WHEN ANTONY and the Johnsons’ I Am a Bird Now won this year’s Mercury Prize, he brought a world of outsiders into the light. His songs blur gender borders, referencing both the Eighties sexual subversives he idolised as a child – Marc Almond, Boy George – and the transgressive New York demi-monde of Andy Warhol, Candy Darling and Lou Reed.
Antony writes tales of transformation, of men to boys and boys to girls. He himself has changed nationalities (leaving England for America aged 10) and appearances, looking ghostly and glamorous in photos, belying his burly frame. But the pain of AIDS-era New York is one constant, expressed in his high, remarkable voice: gay blues, by any other name.

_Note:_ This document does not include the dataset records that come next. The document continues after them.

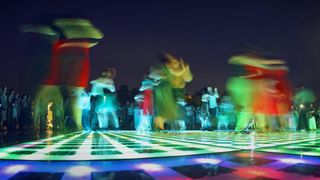 20.06.2013., Zadar – Pod gotovo punim mjesecom na instalaciji Pozdrav Suncu otvoren je 4. festival tanga.Photo: Filip Brala/PIXSELL 20.06.2013., Zadar – Pod gotovo punim mjesecom na instalaciji Pozdrav Suncu otvoren je 4. festival tanga.Photo: Filip Brala/PIXSELL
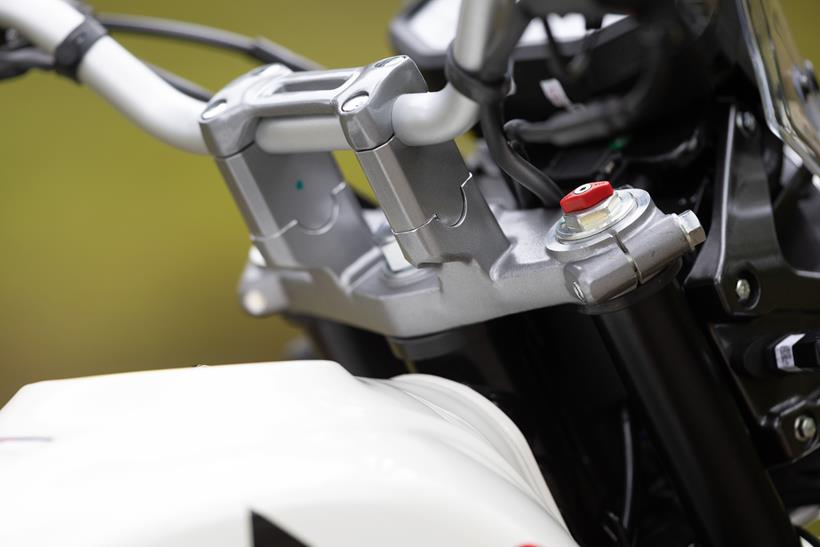 2026-on Hero xPulse 200 Pro handlebar risers and adjustable forks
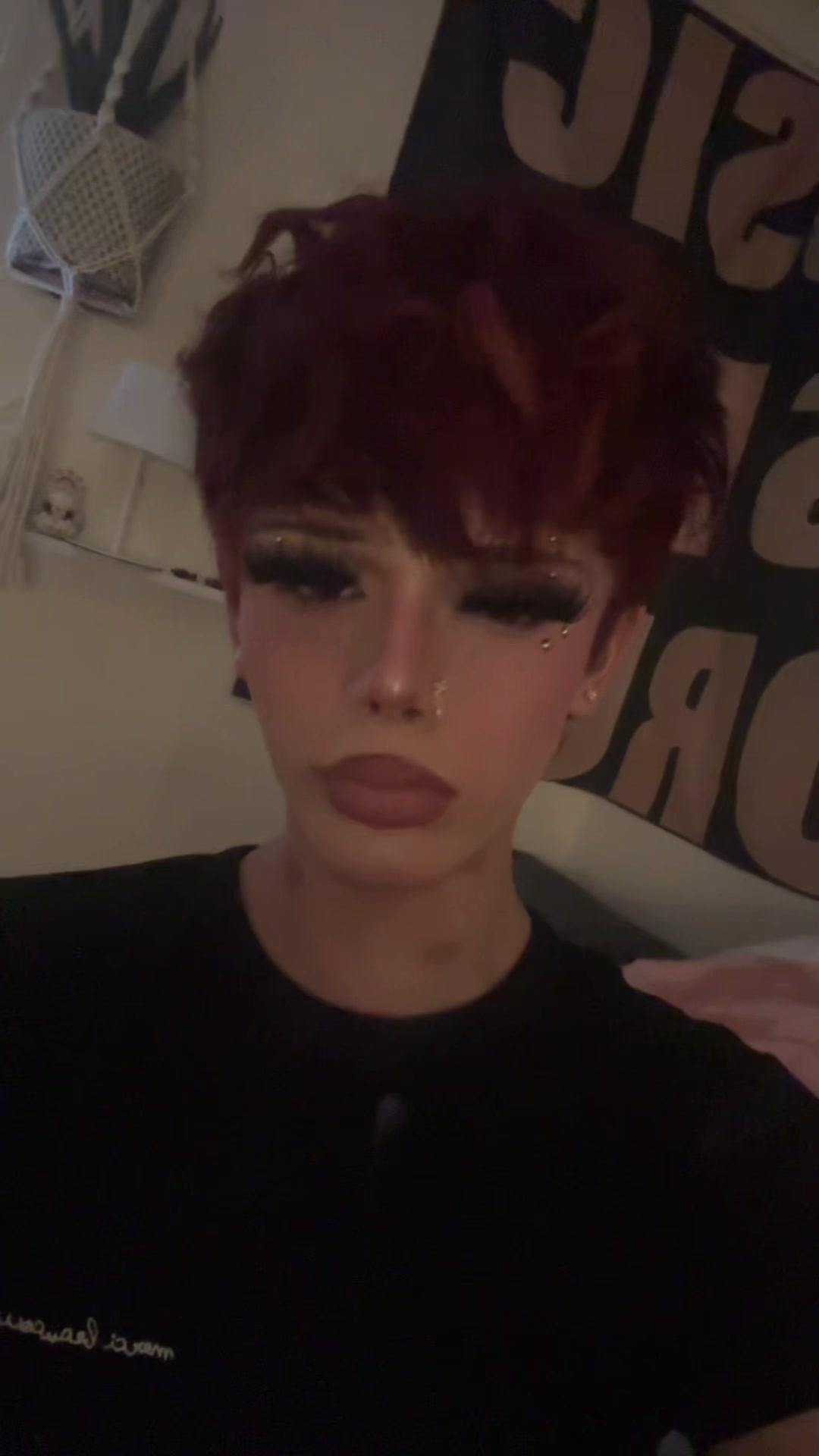 @..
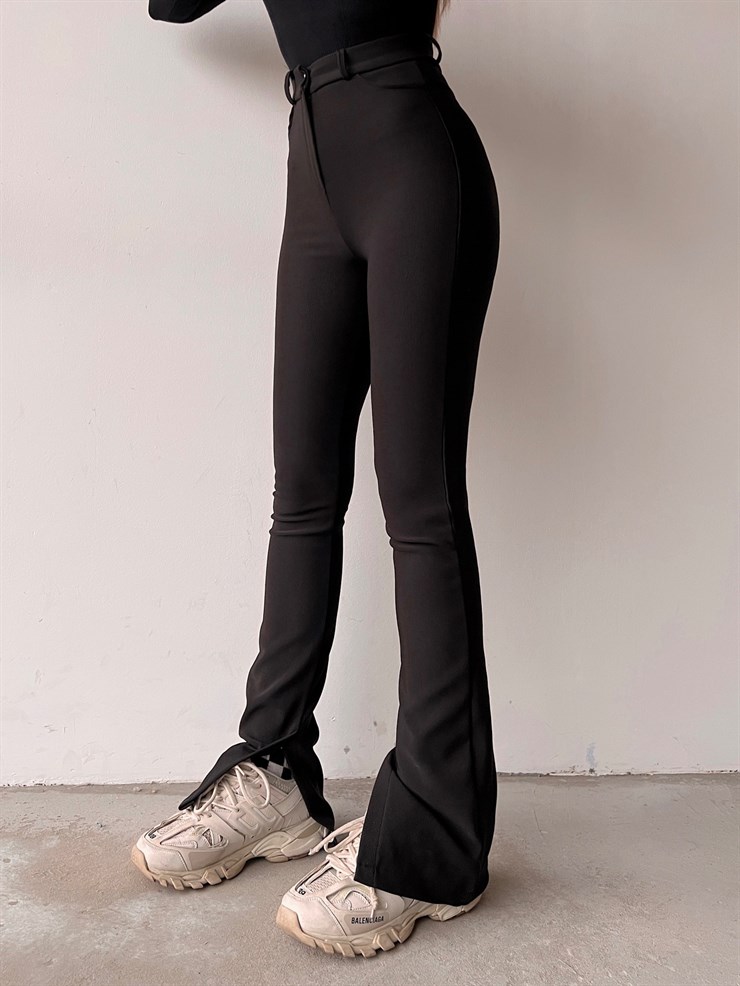 Yüksek Bel Paçası Yırtmaçlı Kadın Siyah Tayt Pantolon 22K000521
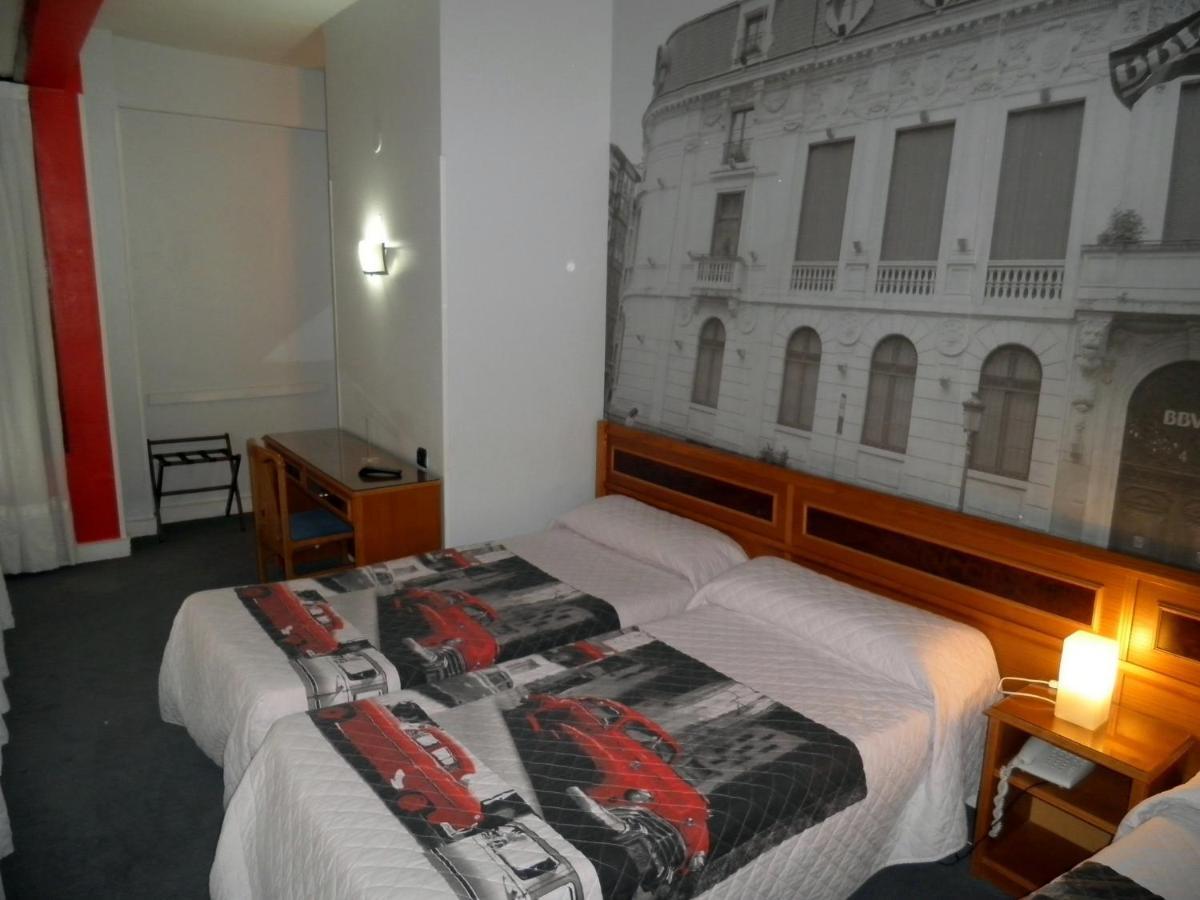 Hotel Photo Zabalburu บิลเบา ภายนอก รูปภาพ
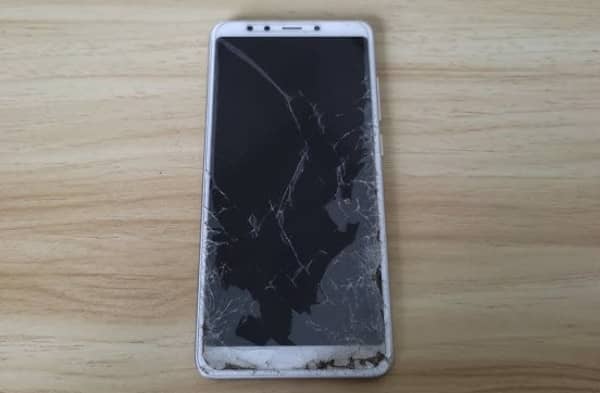 Thay kính Xiaomi Redmi 5 Thay kính Xiaomi Redmi 5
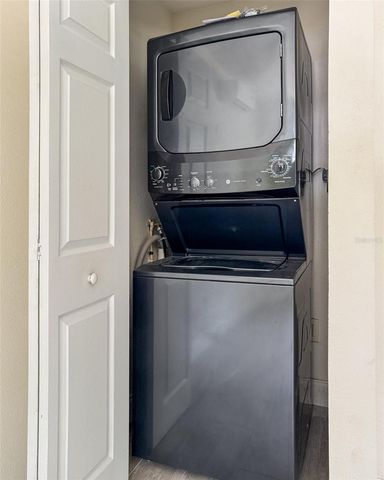 1903 30TH AVENUE N, St Petersburg, FL 33713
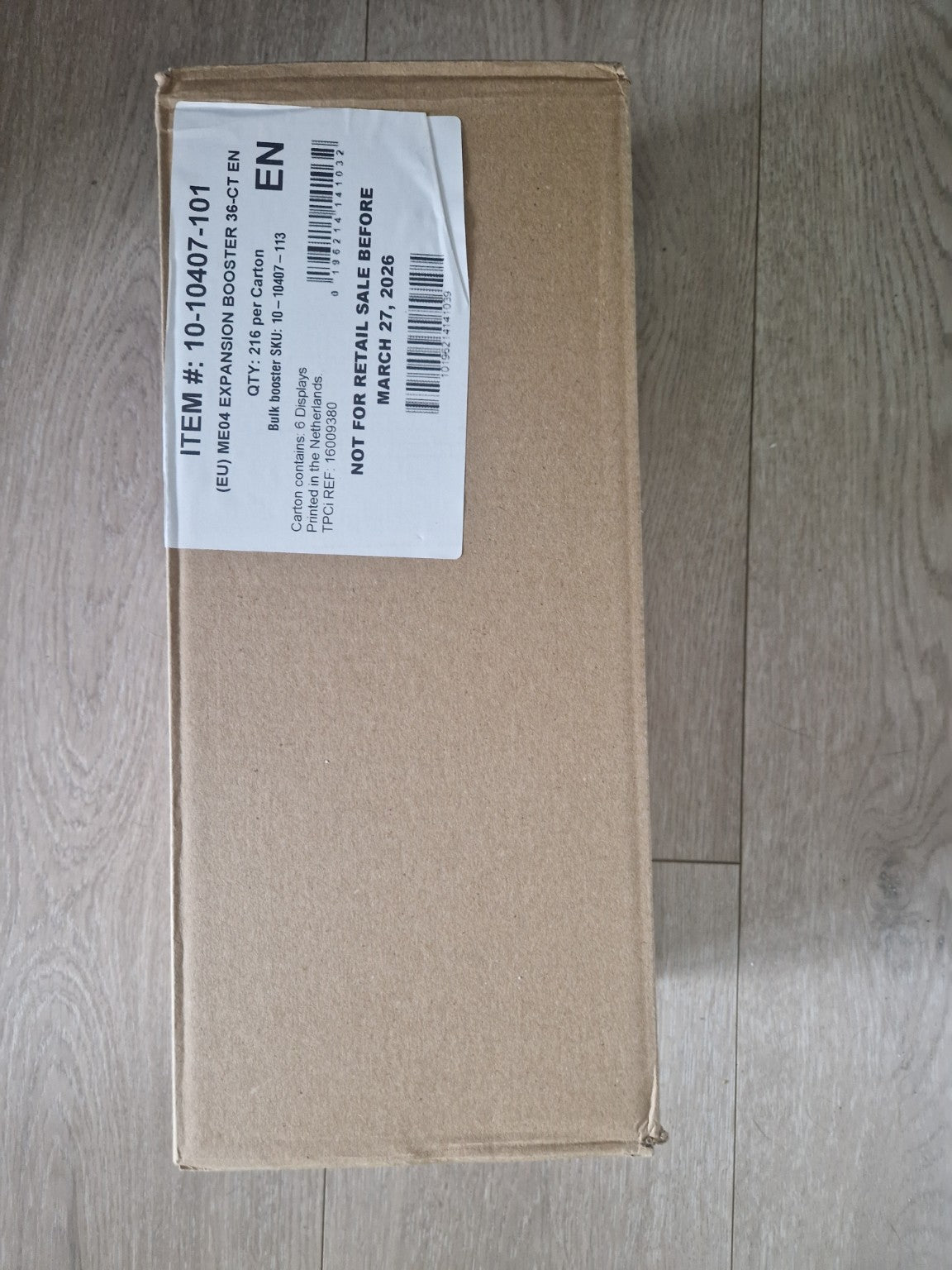 Forseglet ytterkartong med produktinformasjon og distribusjonsmerking.
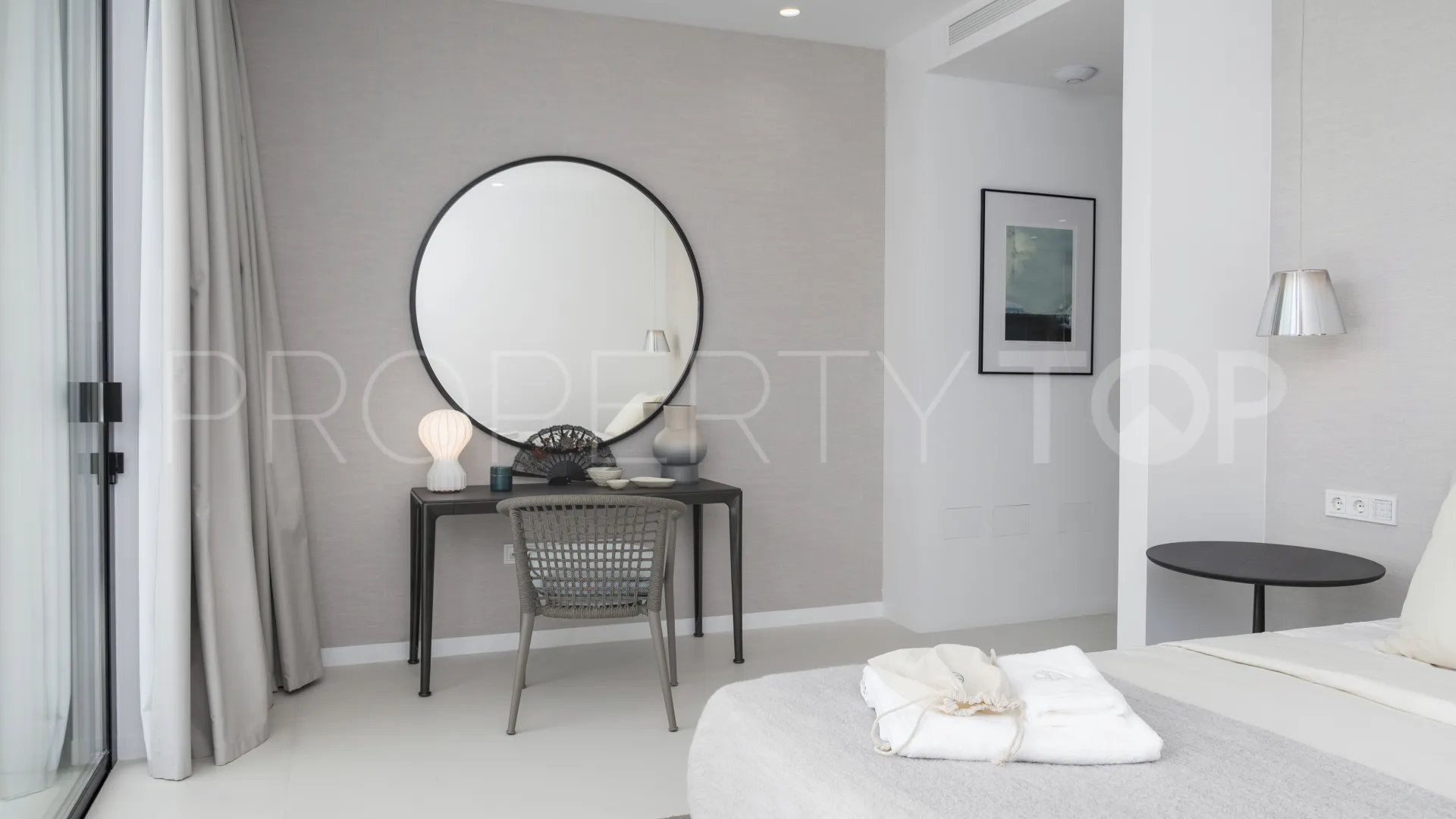 For sale villa in Cortijo Blanco with 6 bedrooms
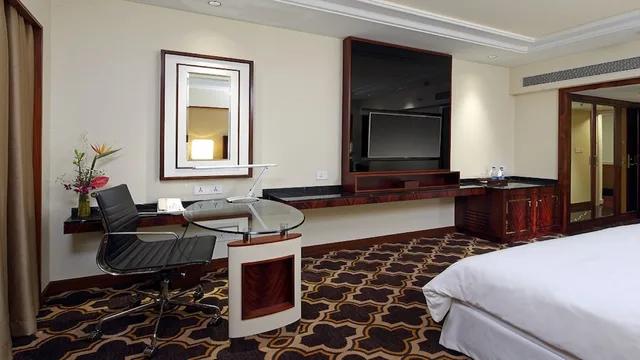 غرفة كلوب بسرير كينج، Sheraton Grand Pune Bund Garden Hotel 9/10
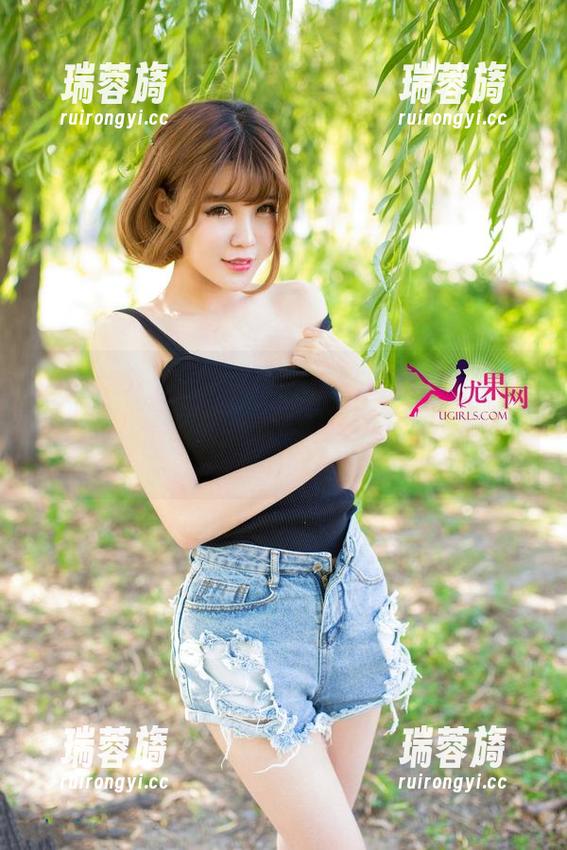 UGirls尤果网 - 从未见过如此惊艳的婚纱！谭晓彤的无圣光图包简直是我的幸福源泉！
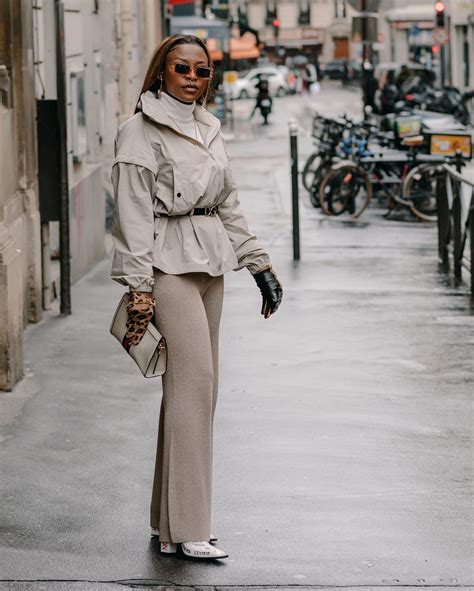 DJ ZINHLE - Paris nudes… 🤎🤍 Photography: @nicolasinparis | Facebook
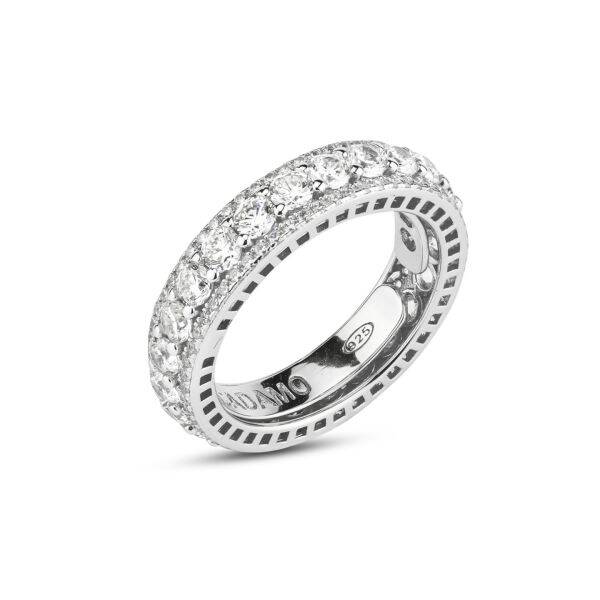Anello grande a veretta con zirconi.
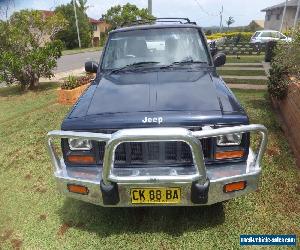 JEEP XJ 1997 CHEROKEE 4 x 4 .5 Speed Manual . 2.5 Litre Diesel . Just Registered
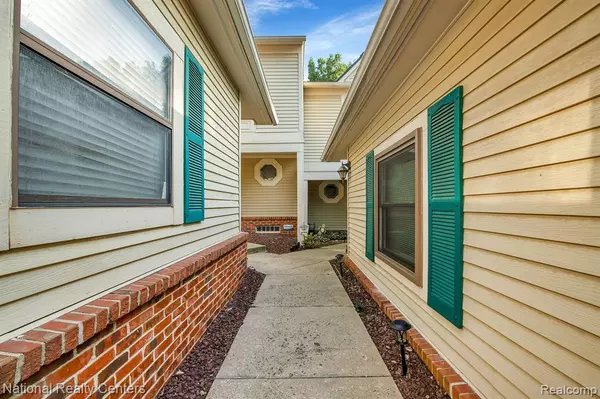 5758 DRAKE HOLLOW Drive W,  West Bloomfield Twp,  MI 48322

It’s a far cry from Manhattan to this grand Midlands hall. But the classical ambience, and an unexpectedly middle-aged crowd, who cheer every song from ‘I Am a Bird Now’ to ‘The Echo’, suit Antony well. There’s a soaring, choral, melodramatic quality to his voice, with few current pop equivalents. A mixture of almost camp quavering and faithful fervour, he waits until several songs in, on ‘Everything is New’, to briefly unleash its full force. ‘For Today, I Am a Child’ also nears take-off, as he pounds out heavy chords on his piano, and dreams of a puberty that will leave him feminised. Otherwise, he’s jazzy, almost improvisational. The Johnsons, for the most part a dolorous string section, add weight to this scat-like flow.
Only the lyrics, at first, give clues to the deeper darkness, and desire for redemption, that fill Antony’s head. “Cut off my fingers, I will grow back like a starfish,” he claims on ‘Cripple and the Starfish’.
On ‘Always a Loneliness’, by legendary, late blind street singer Moondog, the sense of sadness underlying such hope is almost dirge-like. He is an exceptional interpretative singer. Leonard Cohen’s ‘The Guests’ becomes a dreamy folk epic. Lou Reed’s ‘Candy Says’ touches the cruelty of Reed’s world, but Antony’s almost pitiful wish for kindness softens it.
Antony’s own ‘Hope There’s Someone’, near the end, shows what he keeps in reserve. His piano notes swell like stormy seas, and his voice soars effortlessly, allowing us a glimpse of something truly wild.